** What you need to do **
All entries below are to be reproduced precisely as they stand, without the pictures.

↓

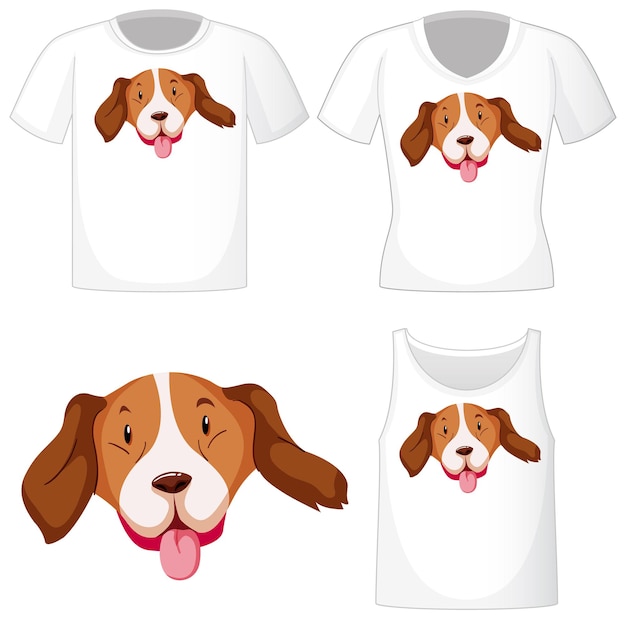 Logotipo de perro lindo en diferentes camisas blancas aisladas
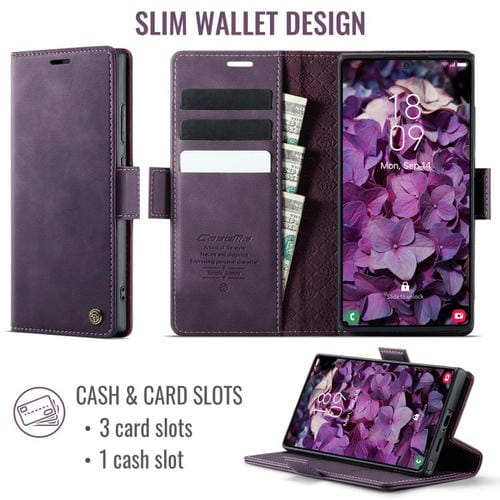 Funda CaseMe 033 para Samsung Galaxy S23 Ultra 5G, forro de piel de becerro, microfibra, con bloqueo RFID (morado)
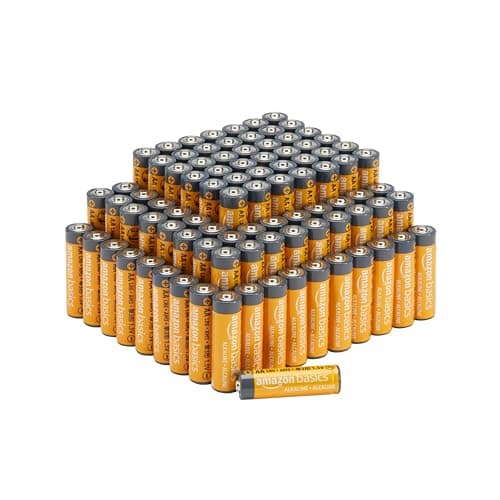 Amazon Basics Lot de 100 piles alcalines AA haute performance (lot de 1), durée de conservation de 10 ans, facile à ouvrir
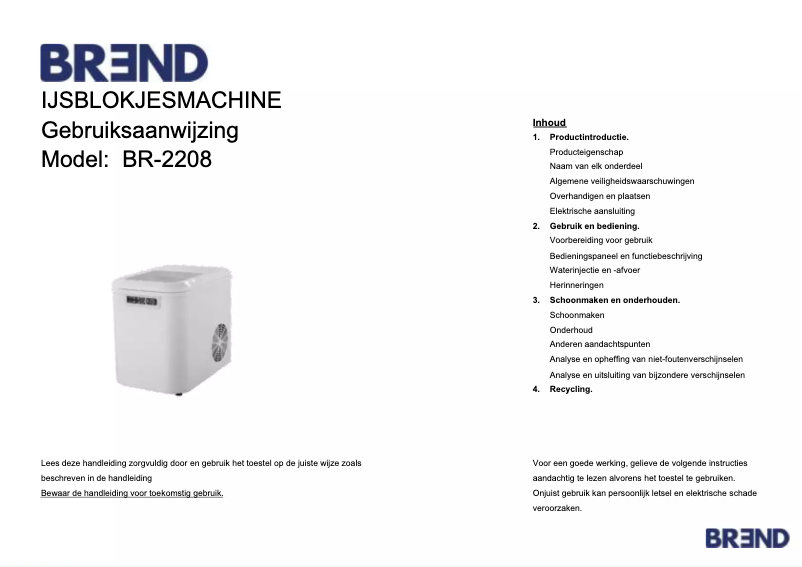 Page n°1 - Manuel utilisateur BREND BR-2208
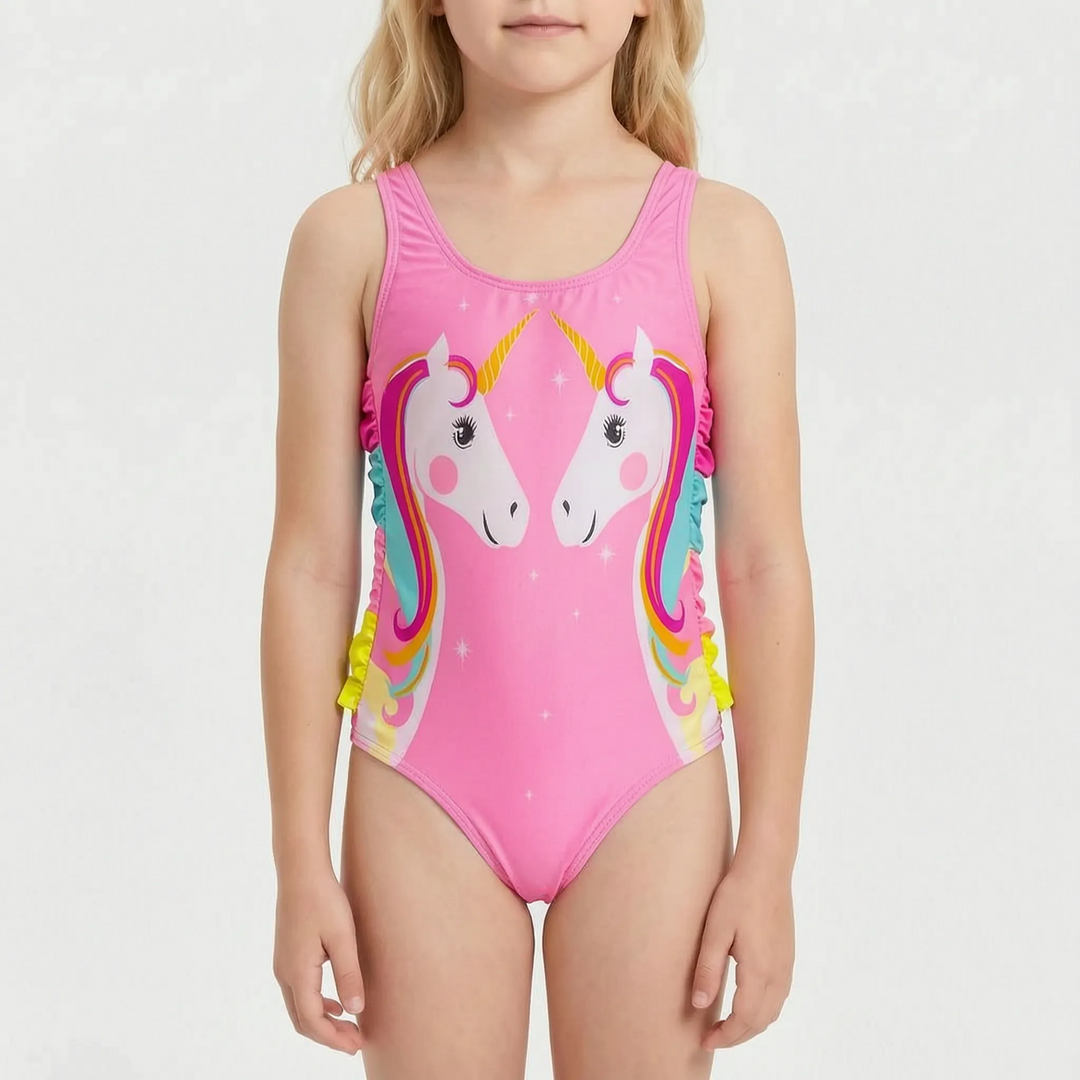 Cartoon swimsuit adorable graphics on children's swimwear
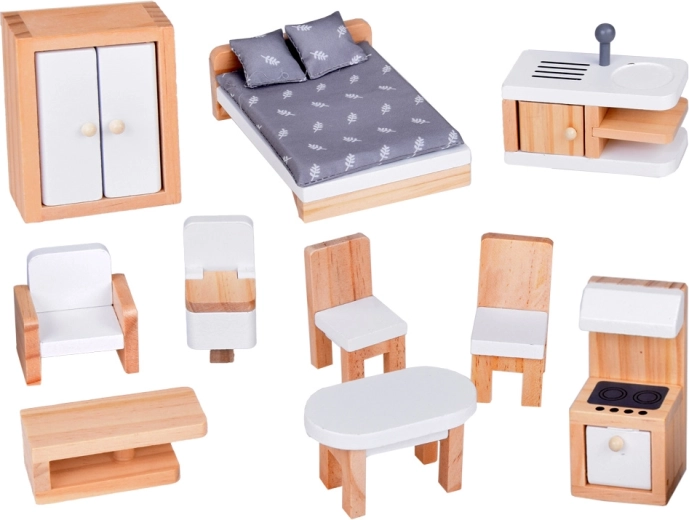 Πλούσιο σετ ξύλινων επίπλων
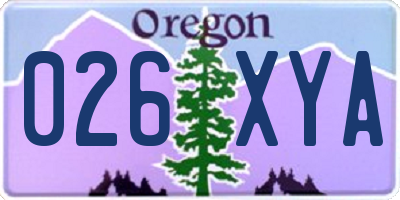 OR license plate 026XYA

↑

** Result for this exercise **
 Logotipo de perro lindo en diferentes camisas blancas aisladas
 Funda CaseMe 033 para Samsung Galaxy S23 Ultra 5G, forro de piel de becerro, microfibra, con bloqueo RFID (morado)
 Amazon Basics Lot de 100 piles alcalines AA haute performance (lot de 1), durée de conservation de 10 ans, facile à ouvrir
 Page n°1 - Manuel utilisateur BREND BR-2208
 Cartoon swimsuit adorable graphics on children's swimwear
 Πλούσιο σετ ξύλινων επίπλων
 OR license plate 026XYA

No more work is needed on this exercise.